***** DATA FOR THIS TASK

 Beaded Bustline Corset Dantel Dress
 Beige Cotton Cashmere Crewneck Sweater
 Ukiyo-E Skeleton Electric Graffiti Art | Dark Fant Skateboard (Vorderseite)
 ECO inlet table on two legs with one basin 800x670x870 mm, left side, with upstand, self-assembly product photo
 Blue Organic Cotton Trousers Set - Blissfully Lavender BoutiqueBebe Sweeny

**********
***** DATA FOR THIS TASK

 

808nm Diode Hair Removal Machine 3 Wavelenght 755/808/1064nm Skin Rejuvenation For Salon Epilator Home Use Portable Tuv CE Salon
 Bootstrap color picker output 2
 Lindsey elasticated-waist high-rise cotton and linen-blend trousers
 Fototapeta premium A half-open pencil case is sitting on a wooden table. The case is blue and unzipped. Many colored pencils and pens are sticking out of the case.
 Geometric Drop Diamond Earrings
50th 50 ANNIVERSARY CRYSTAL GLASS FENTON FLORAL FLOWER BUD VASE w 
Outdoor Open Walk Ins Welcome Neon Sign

**********

- [EXERCISE BRIEF]:
With the line holding "Beaded Bustline Corset Dantel Dress" as the first and the line holding "Blue Organic Cotton" as the last, set down that range of the entries above exactly, and nothing else.

- [RESULT OF THIS EXERCISE]:
 Beaded Bustline Corset Dantel Dress
 Beige Cotton Cashmere Crewneck Sweater
 Ukiyo-E Skeleton Electric Graffiti Art | Dark Fant Skateboard (Vorderseite)
 ECO inlet table on two legs with one basin 800x670x870 mm, left side, with upstand, self-assembly product photo
 Blue Organic Cotton Trousers Set - Blissfully Lavender BoutiqueBebe Sweeny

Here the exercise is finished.